Most aphrodisiacs are also rare—in the same way a fancy meal today might be reserved for a special night with a special someone. Saffron, the delicate threads of the Crocus flower, makes frequent appearance in scholarship on Byzantine cuisine.[26] “Rare” birds, not just any old bird, might be more qualified to be an aphrodisiac less because of some innate chemical property and more because they are rare.[27] Rarity equals expense, and expensive means attractive. The Sultan’s aforementioned pearls are a rare product of the oyster; the oyster’s aphrodisiac status has another leg to stand on.

The most rare foods—perhaps imaginary, impossible to find—were the foods of the gods, such as nectar and ambrosia. For these, sugar was a suitable stand-in. The connection between food and the divine often paralleled a similar connection between food and sex. What was nectar and ambrosia for the Gods would have godly effects on its human consumers, and “earthly foods that were sweet were believed to mimic these celestial draughts.”[28] To be sure, sugar was an aphrodisiac food in China and India before it became a global commodity. Everywhere else, people were obsessed with honey.[29]

Also godly was cacao to Mesoamerican civilizations like the Aztec and Inca. Most of what we know about pre-Columbian civilization comes from Spanish observers, who saw how some chocolate beverages were considered to have aphrodisiac properties while others were not.[30] Chocolate existed within a greater taxonomy of aphrodisiac plants that were either consumed orally or applied to the genitals. Like the dankest pot brownie, most of these specimens had psychoactive properties.[31] Stories of Aztec emperor Montezuma, drinking chocolate before entering his harem, may have contributed to the popular mythological sexiness that chocolate has today.[32]

One consistent theme among how cultures defined a food’s sexual potency was the degree to which it was physically analogous to human anatomy. From pre-Columbian civilizations in the Americas to ancient China, the penis of animals and other dong-shaped foods were thought to embody the masculinity and sexual vigor of their human form. Animal penis in particular was used as a means to “enhance male qualities of strength, virility, and prowess.”[33] Testicles of animals like the hare were consumed in early Byzantium.[34] Crocodile semen, a product of the animal’s genitals, was believed to have a positive effect on sex drive throughout the ancient Americas, Europe, and Asia, along with crocodile eggs and meat.[35] The obvious connection between the physical body part and its effects of consumption is a durable concept in demarcating the aphrodisiac.

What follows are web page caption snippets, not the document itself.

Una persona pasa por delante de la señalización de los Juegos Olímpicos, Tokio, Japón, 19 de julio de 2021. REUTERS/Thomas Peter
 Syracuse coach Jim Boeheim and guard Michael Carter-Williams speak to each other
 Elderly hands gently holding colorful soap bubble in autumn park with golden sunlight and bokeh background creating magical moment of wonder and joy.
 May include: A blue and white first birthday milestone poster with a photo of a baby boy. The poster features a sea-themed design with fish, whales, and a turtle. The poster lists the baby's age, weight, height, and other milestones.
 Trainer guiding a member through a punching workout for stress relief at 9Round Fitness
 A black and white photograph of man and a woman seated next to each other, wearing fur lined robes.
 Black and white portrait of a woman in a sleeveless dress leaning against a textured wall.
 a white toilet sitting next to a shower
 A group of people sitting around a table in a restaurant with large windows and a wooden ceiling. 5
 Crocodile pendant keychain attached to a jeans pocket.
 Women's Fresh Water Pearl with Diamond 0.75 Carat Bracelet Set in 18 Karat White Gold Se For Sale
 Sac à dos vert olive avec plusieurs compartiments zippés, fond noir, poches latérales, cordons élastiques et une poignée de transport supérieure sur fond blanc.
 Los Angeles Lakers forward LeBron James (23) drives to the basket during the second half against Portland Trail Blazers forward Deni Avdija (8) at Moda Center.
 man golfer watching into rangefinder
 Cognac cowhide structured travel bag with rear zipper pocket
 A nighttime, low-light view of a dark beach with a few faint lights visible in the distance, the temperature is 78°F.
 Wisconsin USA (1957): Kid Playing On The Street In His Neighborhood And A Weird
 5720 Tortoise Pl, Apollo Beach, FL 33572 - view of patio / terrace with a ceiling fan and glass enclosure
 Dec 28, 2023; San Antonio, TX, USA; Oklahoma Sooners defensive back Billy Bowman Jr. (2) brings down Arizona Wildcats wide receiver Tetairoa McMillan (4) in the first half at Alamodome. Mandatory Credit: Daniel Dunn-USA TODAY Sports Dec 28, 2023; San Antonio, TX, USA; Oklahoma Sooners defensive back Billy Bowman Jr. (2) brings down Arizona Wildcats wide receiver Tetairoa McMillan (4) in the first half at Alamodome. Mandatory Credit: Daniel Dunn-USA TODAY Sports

Mere visual similarity to the genitals could also qualify a food as sexually stimulating. Herbs and plants were believed to be aphrodisiacs if they resembled genitalia.[36] One reason carrots and other root vegetables are ubiquitous in aphrodisiac literature might be because of their phallic shape.[37] The respective cultivators of mandrakes, mushrooms, and avocados (from the Nahuatl ahuacatl, or “testicle”) all believed these foods to serve some sexual purpose.[38] These comparisons were not limited to the male anatomy, however. Vanilla’s etymology has roots in the word “vagina,” named for the appearance of the plant’s flower.[39] Oysters are of note for their shape, texture, and smell have all been compared to both the vulva and testicle.[40] And with that, we return to our archetypal aphrodisiac.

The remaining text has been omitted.